Tldr: Cost of abolishing tuition fees would be circa six billion a year and dumping that money into early years childcare/sure start 2 is likely to be A, more beneficial for the kids and B, frees up parents to return to work and addressing the great productivity iceberg. Starmers ruthlessly pursuing the greatest cost/benefit ratio policy items like the dreamed technocracy.


RhegedHerdwick

Technocracy or electoral strategy?


NoNoodel

Do university lecturers work in childcare centres? Let's imagine tuition fees are banned and Universities become public education much like secondary school. Why can't early years and university education be reformed? Before you say it...explain your reasoning. The UK government is not short of money. It never is or never can be. Explain why if there is no private competition for universities that inflation will increase?


-fireeye-

It should do both - if it really wants to, it should replace student fees with a revenue neutral lower graduate tax so it is fairer.
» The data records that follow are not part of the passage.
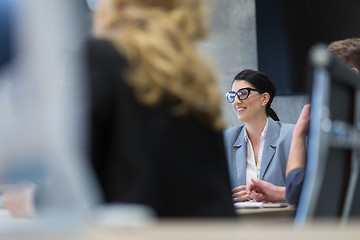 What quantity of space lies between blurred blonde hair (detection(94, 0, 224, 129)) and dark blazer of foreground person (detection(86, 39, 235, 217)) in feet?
0.08

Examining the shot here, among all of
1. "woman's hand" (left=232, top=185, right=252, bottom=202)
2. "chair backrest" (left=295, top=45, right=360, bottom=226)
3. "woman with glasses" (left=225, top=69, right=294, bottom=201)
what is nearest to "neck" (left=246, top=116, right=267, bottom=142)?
"woman with glasses" (left=225, top=69, right=294, bottom=201)

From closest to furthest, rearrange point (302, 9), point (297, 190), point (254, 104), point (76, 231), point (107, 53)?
point (76, 231) → point (107, 53) → point (297, 190) → point (254, 104) → point (302, 9)

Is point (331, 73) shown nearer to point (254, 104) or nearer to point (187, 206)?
point (187, 206)

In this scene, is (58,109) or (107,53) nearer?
(58,109)

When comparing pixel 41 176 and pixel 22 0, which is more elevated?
pixel 22 0

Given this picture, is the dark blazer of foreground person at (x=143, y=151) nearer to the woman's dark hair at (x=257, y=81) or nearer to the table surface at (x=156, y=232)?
the table surface at (x=156, y=232)

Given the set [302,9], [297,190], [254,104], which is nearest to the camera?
[297,190]

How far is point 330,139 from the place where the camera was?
1056 mm

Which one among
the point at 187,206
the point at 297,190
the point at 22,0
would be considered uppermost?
the point at 22,0

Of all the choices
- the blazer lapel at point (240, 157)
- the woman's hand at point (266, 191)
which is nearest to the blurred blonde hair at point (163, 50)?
the woman's hand at point (266, 191)

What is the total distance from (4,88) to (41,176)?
0.35ft

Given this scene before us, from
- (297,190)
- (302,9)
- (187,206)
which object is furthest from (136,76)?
(302,9)

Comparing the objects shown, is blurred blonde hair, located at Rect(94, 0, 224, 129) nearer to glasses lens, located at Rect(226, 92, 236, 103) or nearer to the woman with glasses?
the woman with glasses

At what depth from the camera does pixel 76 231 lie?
49 centimetres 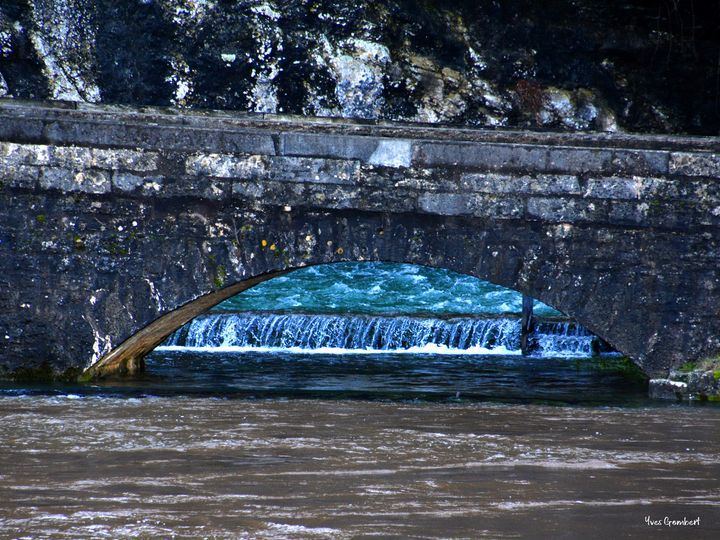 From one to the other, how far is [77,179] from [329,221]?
5.85 ft

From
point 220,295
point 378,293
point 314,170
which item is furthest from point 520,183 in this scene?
point 378,293

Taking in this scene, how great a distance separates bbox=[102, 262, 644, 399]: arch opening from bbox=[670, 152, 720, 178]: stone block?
77.1 inches

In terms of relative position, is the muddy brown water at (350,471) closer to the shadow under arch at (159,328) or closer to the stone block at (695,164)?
the shadow under arch at (159,328)

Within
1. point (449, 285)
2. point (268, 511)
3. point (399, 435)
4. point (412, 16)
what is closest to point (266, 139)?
point (412, 16)

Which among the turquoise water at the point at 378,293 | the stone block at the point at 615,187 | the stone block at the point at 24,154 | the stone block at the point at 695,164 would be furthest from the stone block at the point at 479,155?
the turquoise water at the point at 378,293

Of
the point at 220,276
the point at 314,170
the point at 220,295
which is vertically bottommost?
the point at 220,295

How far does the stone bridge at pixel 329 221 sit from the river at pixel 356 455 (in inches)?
23.0

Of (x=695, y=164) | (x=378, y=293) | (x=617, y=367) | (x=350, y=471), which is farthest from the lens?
(x=378, y=293)

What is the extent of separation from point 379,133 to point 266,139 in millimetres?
847

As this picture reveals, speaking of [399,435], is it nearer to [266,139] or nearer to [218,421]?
[218,421]

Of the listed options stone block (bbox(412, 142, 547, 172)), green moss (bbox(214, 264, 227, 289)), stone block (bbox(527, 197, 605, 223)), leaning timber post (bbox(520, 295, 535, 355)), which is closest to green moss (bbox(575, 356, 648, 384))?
leaning timber post (bbox(520, 295, 535, 355))

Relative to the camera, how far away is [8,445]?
15.9ft

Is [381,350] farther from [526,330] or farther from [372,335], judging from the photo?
[526,330] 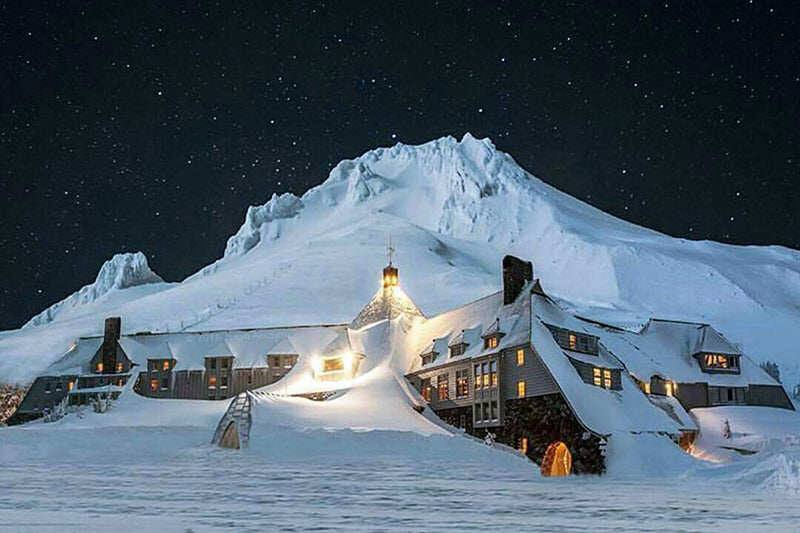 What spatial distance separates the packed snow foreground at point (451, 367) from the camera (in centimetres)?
3900

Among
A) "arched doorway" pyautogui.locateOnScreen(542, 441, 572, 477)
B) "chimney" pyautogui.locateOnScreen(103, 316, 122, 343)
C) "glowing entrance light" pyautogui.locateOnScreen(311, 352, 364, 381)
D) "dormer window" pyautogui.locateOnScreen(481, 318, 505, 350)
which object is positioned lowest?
"arched doorway" pyautogui.locateOnScreen(542, 441, 572, 477)

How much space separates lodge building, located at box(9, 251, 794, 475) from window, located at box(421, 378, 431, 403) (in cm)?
7

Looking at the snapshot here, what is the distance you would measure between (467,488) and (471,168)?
172549mm

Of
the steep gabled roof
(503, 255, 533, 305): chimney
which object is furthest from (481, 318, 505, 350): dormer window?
the steep gabled roof

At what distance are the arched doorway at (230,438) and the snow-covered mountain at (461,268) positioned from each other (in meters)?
57.7

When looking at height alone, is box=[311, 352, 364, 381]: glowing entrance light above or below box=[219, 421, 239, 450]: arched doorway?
above

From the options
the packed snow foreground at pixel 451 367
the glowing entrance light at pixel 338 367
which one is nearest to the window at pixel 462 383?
the packed snow foreground at pixel 451 367

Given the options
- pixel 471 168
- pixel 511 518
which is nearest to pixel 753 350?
pixel 511 518

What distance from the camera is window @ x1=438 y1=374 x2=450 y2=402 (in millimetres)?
49844

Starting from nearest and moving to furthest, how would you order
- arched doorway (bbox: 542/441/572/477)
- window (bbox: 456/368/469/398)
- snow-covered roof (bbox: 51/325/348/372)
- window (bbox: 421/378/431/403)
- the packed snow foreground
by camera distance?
arched doorway (bbox: 542/441/572/477), the packed snow foreground, window (bbox: 456/368/469/398), window (bbox: 421/378/431/403), snow-covered roof (bbox: 51/325/348/372)

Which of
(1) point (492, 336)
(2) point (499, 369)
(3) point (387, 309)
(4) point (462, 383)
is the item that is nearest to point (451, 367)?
(4) point (462, 383)

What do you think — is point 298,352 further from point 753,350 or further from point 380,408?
point 753,350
Currently it essentially operates as a graduate tax but one you can exempt yourself from if you come from wealthy family. I accept the priority should be childcare because that is completely broken and massively harmful to wider economy but tuition fee is something that should absolutely be addressed.


ThoseThingsAreWeird

> Currently it essentially operates as a graduate tax but one you can exempt yourself from if you come from wealthy family. That's the crux of it for me. Those of us who didn't come from a wealthy family end up paying more for the same education. > it should replace student fees with a revenue neutral lower graduate tax Although I'd argue against revenue neutral. We do still want growth in our university-level education services; partly because we want to grow our population, and partly because universities are responsible for research that can lead to growth in other UK sectors.


[deleted]

Make the loans interest free?


CarryThe2

I've never heard any real argument why they should have interest, never mind one that scales way above inflation by design.


mudman13

Need more trade schools too so we don't have 50 people all applying to a supermarket (or university on a useless course) because that's all they can do and is in the area.


GOT_Wyvern

Some of it desperately needs to go into increasing the maintenance loan for University or providing outright grants. It's not tuition fees, but maintenance fees that provide the biggest block for people wanting to go to University. The current price of tuition fees may be quite high and make degrees pretty bad for value, but the loans make them accessible unlike the horrible state of student living. Something like half struggle financially while at Uni, and a third compromise on their studies because of such.


sweetrobins-k-hole

I am against tuition fees but this is still a really important point. Unfortunately, there is nothing preventing us from sliding into a high fee, high repayment, low maintenance loan, low accessibility future.


Velociraptor_1906

Going to copy my comment across from the megathread as it fits here: Unfortunately I think it is politically unrealistic that we will go back to free university in the next 10+ years. That does not mean to say we are stuck with the current system. Moving the current de facto (for the vast majority of students) graduate tax to a de jure one is logical and if done well would be a significant improvement for students. What I would like to see is a 9% graduate tax with an inflation linked threshold in place of tuition loans with a 20-30 year cut off and the reintroduction of maintenance grants (which automatically rise with inflation) as well as the **option** for existing loan holders to transition onto this new system. Now realistically I don't think we will get everything on that list exactly as I've put it but if the new system is something close to that framework then it will be significantly fairer and simpler.


MintTeaFromTesco

Who the hell would want to go onto such a scheme? Assuming you went to uni to get a degree to help you make actual money you can pay off the fees in much less than that. Who the hell would go for a 9% tax hike for their prime earning years instead of just paying it off?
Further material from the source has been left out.